Monday, December 31 at 9pm @ Pier 45, SF
Reports from the end of the world
TULUM, MEXICO — Sometimes you need to just listen to the universe and the many ways she conspires to set your path. That seems particularly true while visiting the Yucatan to cover the end of the Mayan calendar, the galactic alignment, and the winter solstice. Things at the grand festival that was supposed to be happening did not go according to plan — to say the least.
I was supposed to be Chichen Itza, attending the Synthesis 2012 Festival and perhaps the Ascendance party. But several factors lined up to keep us in Tulum, miles away from the Mayan pyramid where the much-awaited festivities were to take place.
For one thing, there was my sweetie’s bout with bad ceviche. But there was also the general disorganization of an event that was supposed to bring thousands of people, many of them Americans, to a part of the world not exactly set up for mass tourism.
The shuttle service from Tulum to the festival essentially fell apart. Our hotel room at the festival also disappeared, along with rooms offered to performers at the festival by organizers who overbooked and overpromised, apparently too optimistic in this moment’s power to provide.
They also seemed to have a little too much confidence in the welcome they would receive from locals: The sound system delivery crew was turned away and threatened with violence. The show eventually went on after organizers found a sound system provided by a local vendor — but the scene was chaotic.
I tried to get more information about the sound system truck, but the festival organizers ignored my request for a copy of the email describing the incident that was sent to performers. Musician Jeff Scroggins told me he’d been informed that the truck was pulled over by locals, who told the crew to go away and said they’d be shot if they returned.
My press contact minimized the incident, which left the festival without amplified sound for its first day. But the incident does seem to get at an inherent tension between local life in a small Mexican town and the hopes and ambitions of outsiders who came to layer a big festival onto this sacred moment.

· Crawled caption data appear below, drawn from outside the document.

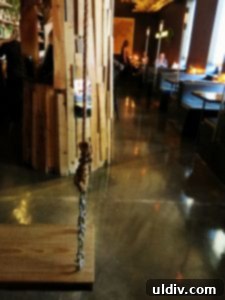 Fort Willow: A Culinary Journey of Boldness and Unforgettable Moments 5 Whimsical swing hanging from the wooden tree inside Fort Willow restaurant, inviting playful interaction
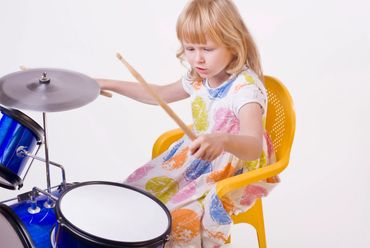 Young girl enthusiastically playing a drum set.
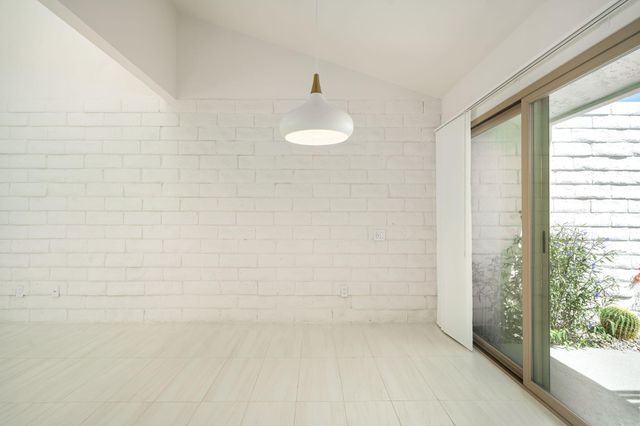 en empty room with kitchen view and wooden floor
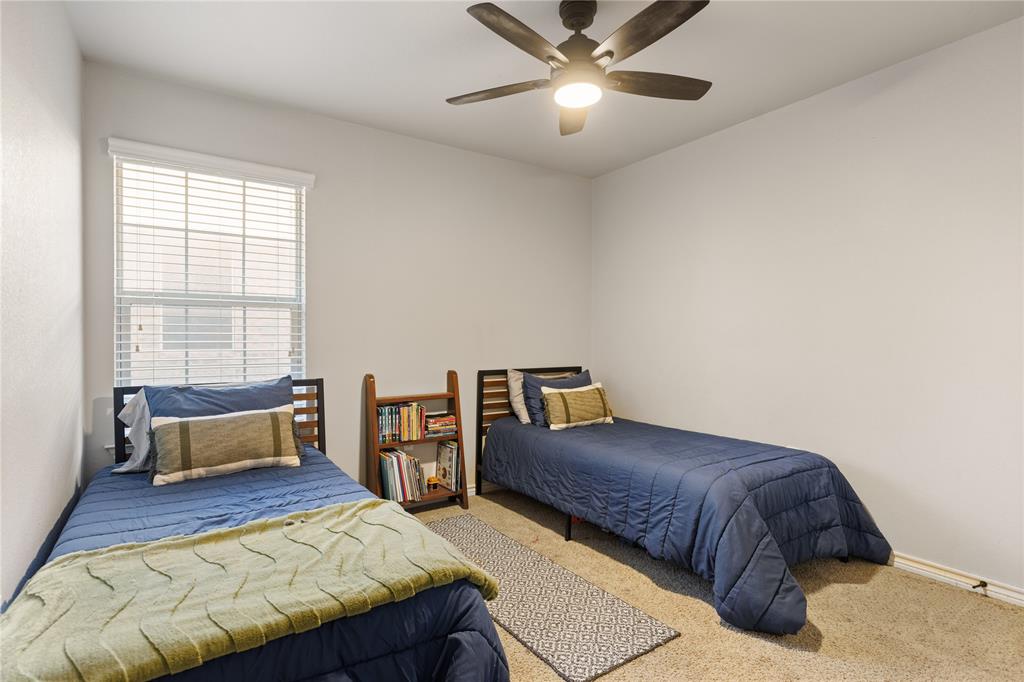 2565 Paddock Lane Robinson, TX 76706 - Photo 18 of 32 Carpeted bedroom featuring ceiling fan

Festival organizers seemed pretty overwhelmed by the fact that, as one musician taking a break from the madness told us, “everything that could go wrong did go wrong.” Or as media spokesperson Candice Holdorf told me, “It’s kind of like radical self-reliance,” borrowing a phrase from Burning Man.
On the other hand, the Mayans that I’ve talked to about the end of their Long Count calendar on this trip, like my cab driver yesterday in Tulum and someone we met a few days ago in Playa del Carmen, mostly just shrug when I ask about 12/21.
Perhaps we’re all projecting lots of our first-world hopes and desires onto this occasion. When I interviewed Peter Mancina — a cultural anthropologist who studies Maya culture (and who works as a board aide to Sup. David Campos) — he emphasized to the modern Mayan people are still plentiful and have diverse viewpoints on the world. Similarly, author John Major Jenkins told me that he didn’t want to see the Mayan people and their needs get lost in this moment.
It’s been amazing to watch the rapid transformations of space taking place all around us as this once-pristine beachfront develops ever-more amenities for the visiting tourists.
The Yogashala hotel across the road from our Pico Beach cabanas had a new roadside room and sign added over the last two days. Next door, an Italian couple opened a roadside juice bar two weeks ago. On the other side of that, Jaguar Restaurante was staffed mostly by people who have been here for weeks, months tops. And as I write these words, a new beach is being rapidly built right before my eyes.
But tourism is still tourism, and there is certainly a reverence and respect for the Mayan culture being expressed by all the festival goers that I’ve talked to, even if this may be one in a series of culture moments that are part of this age of transformation and the creation of values that are different than the ones we’ve inherited from older generations.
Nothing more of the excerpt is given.